Readers of this review should be aware that this press has published some of my crime fiction and I am acquainted with the publisher, though not with the two authors writing under a single pseudonym.

The protagonist is named Irene Adler. Not the woman who beat Sherlock Holmes at his own game, her modern namesake, a Doctor of Philosophy in Anthropology at Boston University. Adler has a demi-cynical outlook on life and it turns out she supplements her income by playing poker; specifically Texas Holdem in the gambling parlors around the New England area.
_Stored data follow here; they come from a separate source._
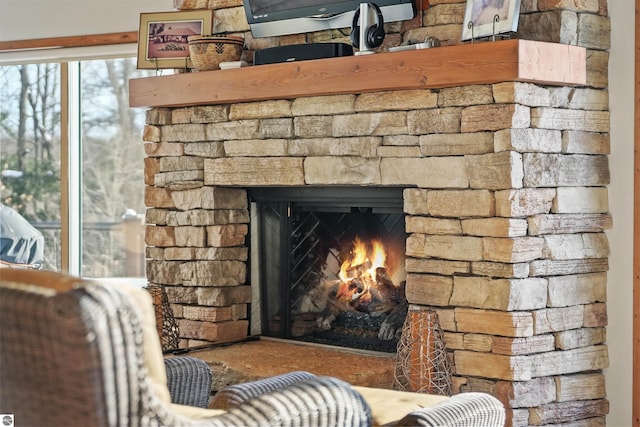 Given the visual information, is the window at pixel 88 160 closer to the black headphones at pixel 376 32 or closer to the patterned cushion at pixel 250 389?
the black headphones at pixel 376 32

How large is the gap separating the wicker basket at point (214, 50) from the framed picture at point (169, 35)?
Result: 20 cm

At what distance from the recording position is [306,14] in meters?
4.46

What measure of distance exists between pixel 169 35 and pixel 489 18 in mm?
1834

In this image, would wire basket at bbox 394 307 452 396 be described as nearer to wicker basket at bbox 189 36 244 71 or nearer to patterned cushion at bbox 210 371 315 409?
patterned cushion at bbox 210 371 315 409

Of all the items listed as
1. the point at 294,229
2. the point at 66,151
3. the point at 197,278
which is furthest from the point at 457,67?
the point at 66,151

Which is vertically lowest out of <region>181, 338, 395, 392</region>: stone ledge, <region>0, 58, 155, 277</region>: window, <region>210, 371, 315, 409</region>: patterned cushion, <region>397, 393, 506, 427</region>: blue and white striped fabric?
A: <region>181, 338, 395, 392</region>: stone ledge

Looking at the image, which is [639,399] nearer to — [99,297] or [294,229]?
[294,229]

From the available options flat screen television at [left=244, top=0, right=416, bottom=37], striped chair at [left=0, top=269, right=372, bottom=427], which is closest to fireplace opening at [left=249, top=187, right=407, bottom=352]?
flat screen television at [left=244, top=0, right=416, bottom=37]

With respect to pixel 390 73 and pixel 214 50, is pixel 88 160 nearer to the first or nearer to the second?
pixel 214 50

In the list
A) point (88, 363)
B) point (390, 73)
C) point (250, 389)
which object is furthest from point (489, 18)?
point (88, 363)

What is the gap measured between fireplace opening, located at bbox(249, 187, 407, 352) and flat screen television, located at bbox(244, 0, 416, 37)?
73cm

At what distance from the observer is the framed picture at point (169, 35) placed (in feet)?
16.0

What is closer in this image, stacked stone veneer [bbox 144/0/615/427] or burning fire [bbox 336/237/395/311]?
stacked stone veneer [bbox 144/0/615/427]

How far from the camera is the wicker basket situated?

Irene Adler is a bright, smart, single woman, an endearing protagonist.

Her former advisor, a fellow faculty member, prevails on Ms. Adler to travel to Nepal to inquire into the life and times of a former fellow undergraduate student of Irene’s, a Margot Smith, who’s in Nepal doing research on one of that country’s goddesses, one Chwwaassa Dyo. The problem is that there appears to something awry with Margot and her physician husband and Adler is supposed to sort things out. What needs sorting turns out to be only part of the story. Irene agrees to go half-way around the world to see a woman she barely knows. From this most unlikely beginning, the plot drives poor Adler into one complexity after another.

Her assignment clearly has unstated dimensions about which neither we readers nor Irene Adler herself are clear. Now, Nepal is an exotic nation from which assaults on Mount Everest are mounted and the ubiquitous Sherpa play a  important part, as do digital cameras, former Cold War adversaries, political unrest in the country, and a whole series of meddlesome individuals who seem to still show up on the fringes of the former English Empire.

The novel winds its way through a variety of conflicts among wanderers, a boorish American tourist couple, and murder and bomb blasts. At times the narrative suffers from a pedestrian pace and some lapses of editing discipline over the point of view. Still, the story is interesting, Irene is definitely a character to build a series around, the exotic setting in and around Katmandu is, well, exotic, and a satisfactory conclusion is fashioned. I think four stars in too strong a rating, but the novel is more enjoyable than three stars would indicate. Sample the novel and make your own judgment.

Reviewed by Carl Brookins, July 2013.
Author of Red Sky, Devils Island, Hard Cheese, Reunion.